O enigma da inflação
Especialistas concordam que a proposta de dolarização de Milei ganhou tração na Argentina em razão da arrebatadora demanda por estabilidade macroeconômica depois de uma década de inflação de dois dígitos e feridas autoimpingidas por políticas. A inflação anual na Argentina baixou para 113,4% em julho, contra 115% em junho — o índice mais alto desde 1991. De acordo com algumas projeções, o valor do peso argentino deverá baixar mais 70% nos próximos meses. A eleição presidencial argentina ocorre em 22 de outubro, e o possível segundo turno está marcado para 19 de novembro.
Mesmo que dolarizar a economia de US$ 632 bilhões possa ajudar a reduzir a inflação rapidamente, o processo é altamente custoso, afirmou Martin Castellano, diretor de pesquisas em América Latina do Instituto Internacional de Finanças, em Washington.
Uma economia dolarizada prescindirá da flexibilidade de se ajustar a choques particularmente em uma economia mundial mais interconectada com variadas taxas de câmbio flutuantes sob regimes com metas de inflação. A assimetria em relação ao ciclo da economia americana também poderia ocasionar políticas pró-cíclicas, afirmou Castellano. Em contraste, os desequilíbrios macroeconômicos e em políticas que o fenômeno cria permanecem, dada a opção por evitar disciplina fiscal e exaurir todas as fontes financeiras possíveis, incluindo vendas de ativos e fundos de pensão.
“O argumento de que esse regime forçaria formuladores de políticas a tornar a economia mais flexível por meio de reformas laborais e em outros campos ao mesmo tempo que se torna fiscalmente mais austera simplesmente não foi corroborado”, argumenta Castellano. Ele acrescentou que a dolarização tem deixado países mais vulneráveis a choques externos e num caminho de baixo crescimento, em meio a uma contínua sobrevalorização da taxa de câmbio real.
Desafiando as expectativas, Milei acha que esse processo não será complicado. “Porque a inflação — em todos os países e sempre — é um fenômeno monetário gerado por um excesso na quantidade de dinheiro (em circulação). Nós queremos dolarizar com o esquema básico, e podemos fazer isso. E é fácil? Superfácil”, disse ele ao jornal El País, em julho.
Inspiração regional
A Argentina poderia encontrar inspiração no Equador, no Panamá e em El Salvador, três países que adotaram a dolarização com resultados contraditórios, mas deixaram para trás um passado de inflação alta e encontraram um sistema monetário mais estável. Esses países têm registrado os índices de inflação mais baixos da região nos 20 anos recentes. Em contraste, de acordo com dados compilados pelo website Trading Economics, a taxa-média de inflação na Argentina foi de 189,99% de 1944 até este ano, atingindo uma alta histórica, de 20.262% em março de 1990.

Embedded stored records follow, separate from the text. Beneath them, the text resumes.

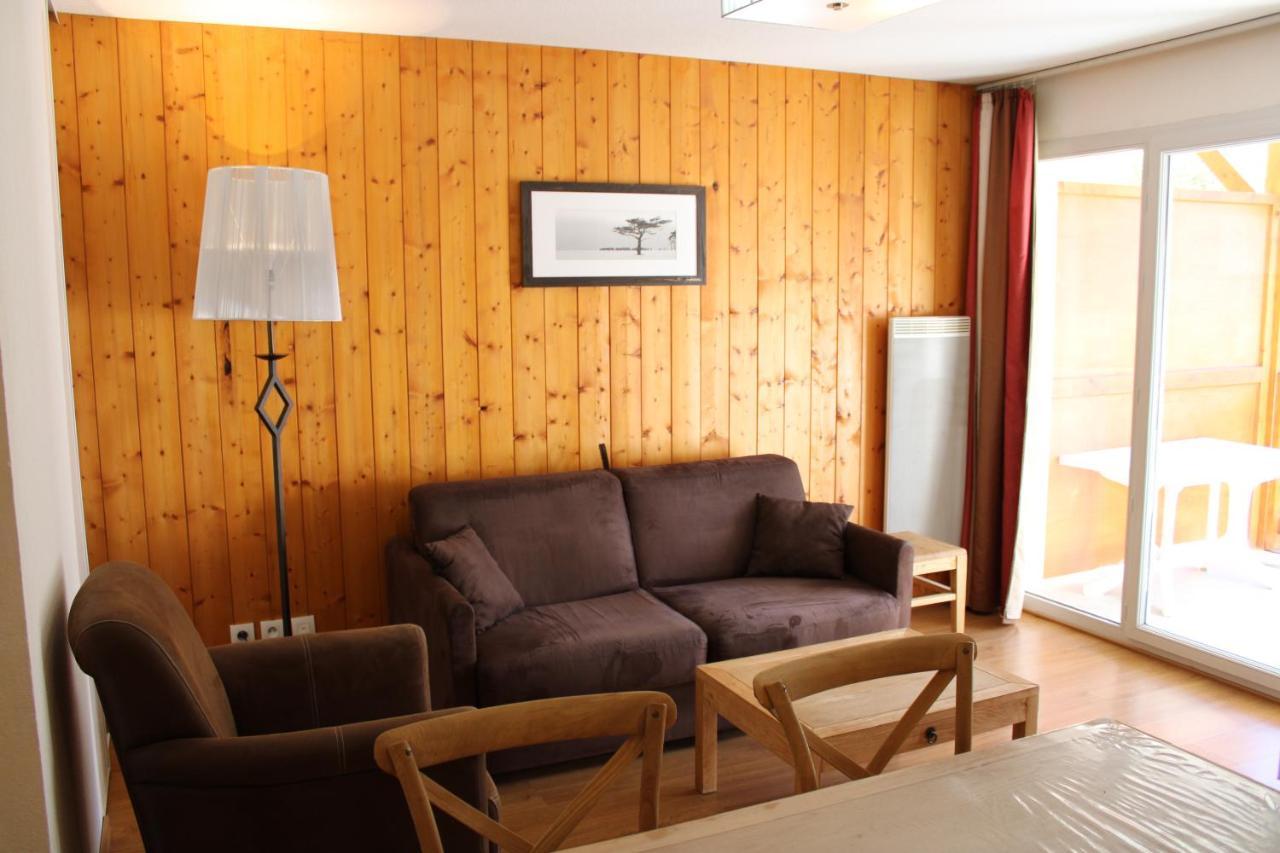 Appartement A108 ลูซ-แซ็ง-โซเวอร์ ภายนอก รูปภาพ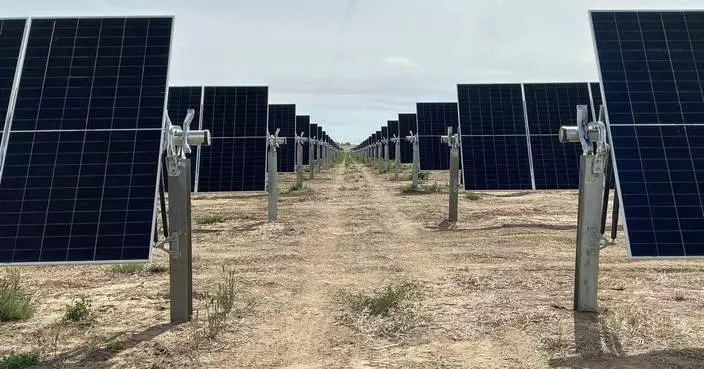 Avangrid Begins Panel Installation at Oregon Trail Solar, Supports Local Jobs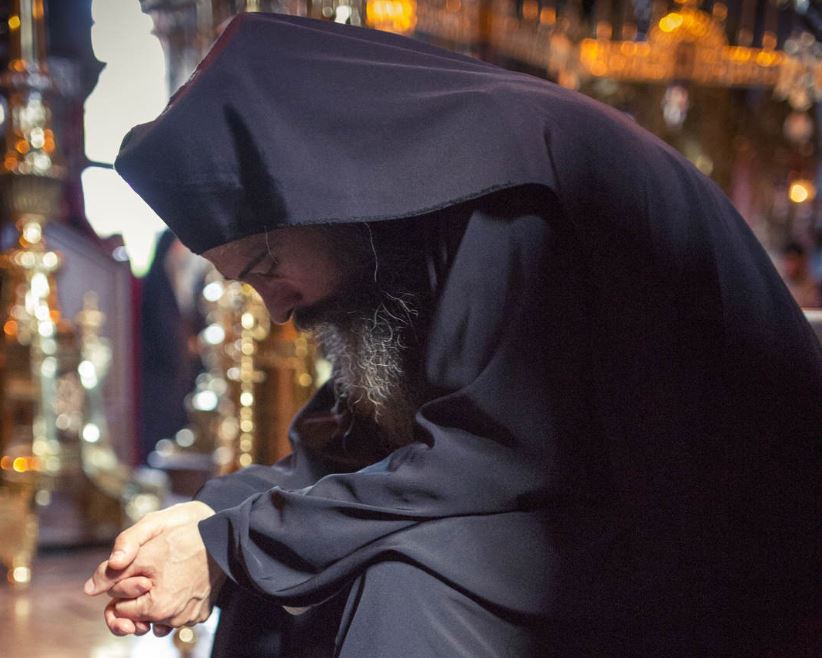 Saint Paisios the Athonite on spiritual warfare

Werner aponta que a instabilidade da Argentina decorre de desequilíbrios fiscais e que a dolarização não resolve esse tipo de problema. “No caso da Argentina, isso é uma falácia. O Equador é dolarizado e tem problemas fiscais enormes — e por isso não tem acesso a mercados financeiros. É por isso que os títulos do Equador têm valor similar aos da Argentina, como numa economia em apuros. Então, pensar que simplesmente colocando uma camisa de força no país a sociedade entenderá que você tem de fazer o resto eu acho que é falacioso”, argumenta Werner. “Do ponto de vista econômico do tamanho, da diversificação e da sofisticação da Argentina, a dolarização claramente não é um regime ideal de taxa de câmbio”, acrescentou Werner.

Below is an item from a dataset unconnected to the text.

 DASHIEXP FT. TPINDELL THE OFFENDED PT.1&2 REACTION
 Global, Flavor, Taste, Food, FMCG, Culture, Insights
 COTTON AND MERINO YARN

Ecoando um ceticismo similar, Mark Sobel, diretor para EUA do Fórum Oficial de Instituições Monetárias e Financeiras (OMFIF), escreveu num artigo publicado em agosto que a política não ortodoxa “não é a resposta” para a Argentina. Dolarizar a economia é “uma estratégia potencialmente arriscada e ‘sem saída’. Isso faria germinar as sementes de uma enorme contração e quebra ao mesmo tempo que desviaria a atenção do trabalho duro de consertar a economia”, afirmou ele em nome do instituto londrino de pesquisa com foco em políticas globais e investimento.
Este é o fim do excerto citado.